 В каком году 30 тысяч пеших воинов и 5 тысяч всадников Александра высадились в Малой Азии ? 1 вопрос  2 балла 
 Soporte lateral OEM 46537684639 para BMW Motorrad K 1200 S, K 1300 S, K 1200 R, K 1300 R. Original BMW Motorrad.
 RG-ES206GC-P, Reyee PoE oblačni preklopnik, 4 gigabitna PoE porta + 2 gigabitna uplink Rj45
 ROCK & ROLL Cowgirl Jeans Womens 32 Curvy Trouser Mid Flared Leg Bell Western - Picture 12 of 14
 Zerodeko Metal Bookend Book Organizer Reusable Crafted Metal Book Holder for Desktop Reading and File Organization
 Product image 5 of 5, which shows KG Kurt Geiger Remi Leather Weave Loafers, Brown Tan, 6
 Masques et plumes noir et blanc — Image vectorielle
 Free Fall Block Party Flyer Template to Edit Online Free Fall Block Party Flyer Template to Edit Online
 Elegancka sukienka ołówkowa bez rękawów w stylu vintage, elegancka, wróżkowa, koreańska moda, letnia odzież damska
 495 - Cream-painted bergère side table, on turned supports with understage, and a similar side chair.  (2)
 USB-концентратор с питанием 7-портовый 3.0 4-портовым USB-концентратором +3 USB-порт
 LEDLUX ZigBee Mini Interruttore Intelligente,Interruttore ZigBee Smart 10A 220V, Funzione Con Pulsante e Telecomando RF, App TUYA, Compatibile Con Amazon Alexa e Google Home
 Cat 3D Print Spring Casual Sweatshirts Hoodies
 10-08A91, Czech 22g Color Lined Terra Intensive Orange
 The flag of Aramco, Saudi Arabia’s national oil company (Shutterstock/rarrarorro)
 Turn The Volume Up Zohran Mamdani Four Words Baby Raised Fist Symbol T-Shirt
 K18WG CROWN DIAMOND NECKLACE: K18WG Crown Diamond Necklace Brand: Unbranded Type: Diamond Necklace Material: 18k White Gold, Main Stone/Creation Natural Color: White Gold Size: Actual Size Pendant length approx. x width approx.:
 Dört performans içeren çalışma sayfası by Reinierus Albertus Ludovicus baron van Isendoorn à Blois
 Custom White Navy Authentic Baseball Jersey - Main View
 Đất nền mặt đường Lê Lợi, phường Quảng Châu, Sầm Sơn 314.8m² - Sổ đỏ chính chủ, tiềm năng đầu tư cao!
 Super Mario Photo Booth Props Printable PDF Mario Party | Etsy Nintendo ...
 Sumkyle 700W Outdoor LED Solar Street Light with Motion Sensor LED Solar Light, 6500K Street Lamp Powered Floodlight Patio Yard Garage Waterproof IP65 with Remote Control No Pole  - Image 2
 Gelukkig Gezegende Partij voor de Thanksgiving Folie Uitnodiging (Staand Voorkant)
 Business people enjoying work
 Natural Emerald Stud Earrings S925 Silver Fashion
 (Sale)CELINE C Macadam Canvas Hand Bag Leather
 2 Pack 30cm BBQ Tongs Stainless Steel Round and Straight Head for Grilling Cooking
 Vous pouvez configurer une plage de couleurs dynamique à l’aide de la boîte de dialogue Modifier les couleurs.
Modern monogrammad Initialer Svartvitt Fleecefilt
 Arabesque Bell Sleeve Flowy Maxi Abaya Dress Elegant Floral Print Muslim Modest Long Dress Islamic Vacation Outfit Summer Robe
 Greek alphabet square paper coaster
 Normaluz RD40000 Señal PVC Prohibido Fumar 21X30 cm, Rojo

* **REQUIRED WORK**
From the entries above, return exactly the line containing "Đất nền mặt", the line containing "Super Mario Photo", and all lines between, and nothing else.

* **TASK RESULT**
 Đất nền mặt đường Lê Lợi, phường Quảng Châu, Sầm Sơn 314.8m² - Sổ đỏ chính chủ, tiềm năng đầu tư cao!
 Super Mario Photo Booth Props Printable PDF Mario Party | Etsy Nintendo ...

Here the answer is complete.